It’s an easy thing to say that when you’ve lost you can use that experience, so ask me that in a couple of years and hopefully I’ll be able to say it was a springboard. On the other hand, Bath made a final, lost it and then fell off a cliff, so it’s important we don’t think we’ve cracked it. Dai Young will remind us of that many times and it’s up to us to keep pushing in the right direction.
How much growth do you feel Wasps have in their forward pack?
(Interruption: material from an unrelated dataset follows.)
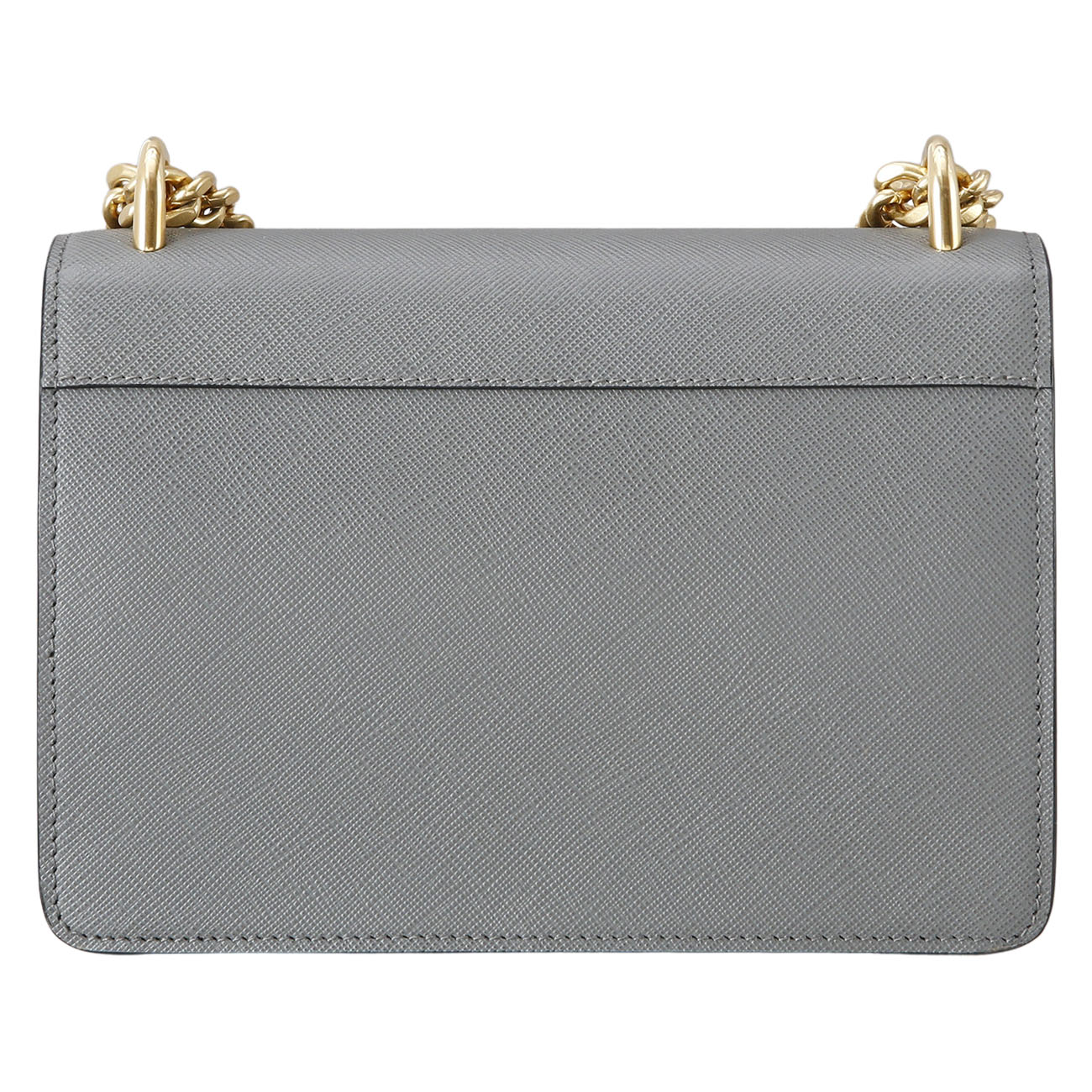 PRADA(USED)프라다 사피아노 파티나 플랩 체인 백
We have to improve in that area. We feel we’ve got quality with a few guys either in the England squad or knocking on the door, while at times last year we really mixed it with some top packs and scored good driving lineout tries, but it’s about how we use the ball now and we’re looking for improvements in that area and how we defend as well.
Looking back, do you think the heavy Champions Cup quarter-final defeat at Leinster cost you and some of your teammates Lions and England selection?
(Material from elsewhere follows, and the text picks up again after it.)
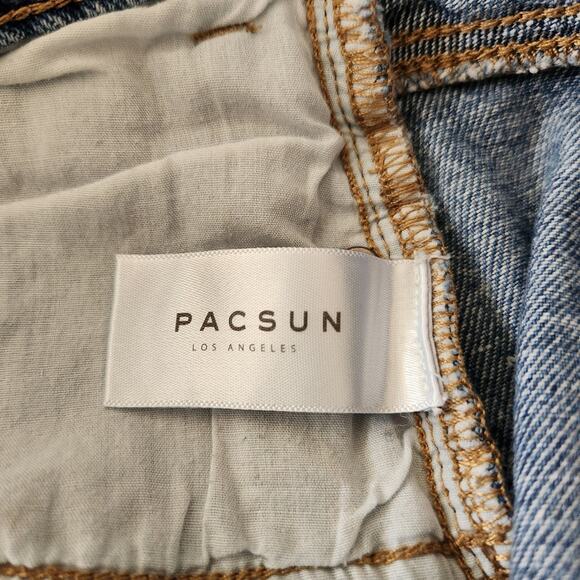 PACSUN High Rise Festival Short Medium Wash Size 25 - Picture 8 of 11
Possibly. You look to big games and quarter-finals in Europe to try and stand up and perform and we didn’t do it that day. We were poor as it happens. But we didn’t have too many games like that and we had a lot of great moments as well. That day at the Aviva was a tough one but the way we came off that was brilliant and people shouldn’t forget that. We went on a roll in the league and pulled off some big wins, including Northampton, Saracens and Leicester. We just fell short against Exeter but it showed a lot about the squad and that’s what I’m most excited about.
Would you agree that the Premiership title has to be your aim this season?
There’s only one step further from last season and that’s to win it. But if you look at recruitment elsewhere, Quins have signed brilliant players, as have Leicester, and teams like Northampton and Gloucester are not going to want seasons like they had last year or there’ll be serious issues there. If we can get into the top four we’d back ourselves to go one better than last season, but it’s how you negotiate the season. We may have a few more international players this year and might be missing people during what are historically strong blocks for us, so all those things come into play.
Have you enjoyed the Wasps’ captaincy since taking over from James Haskell, above, last year?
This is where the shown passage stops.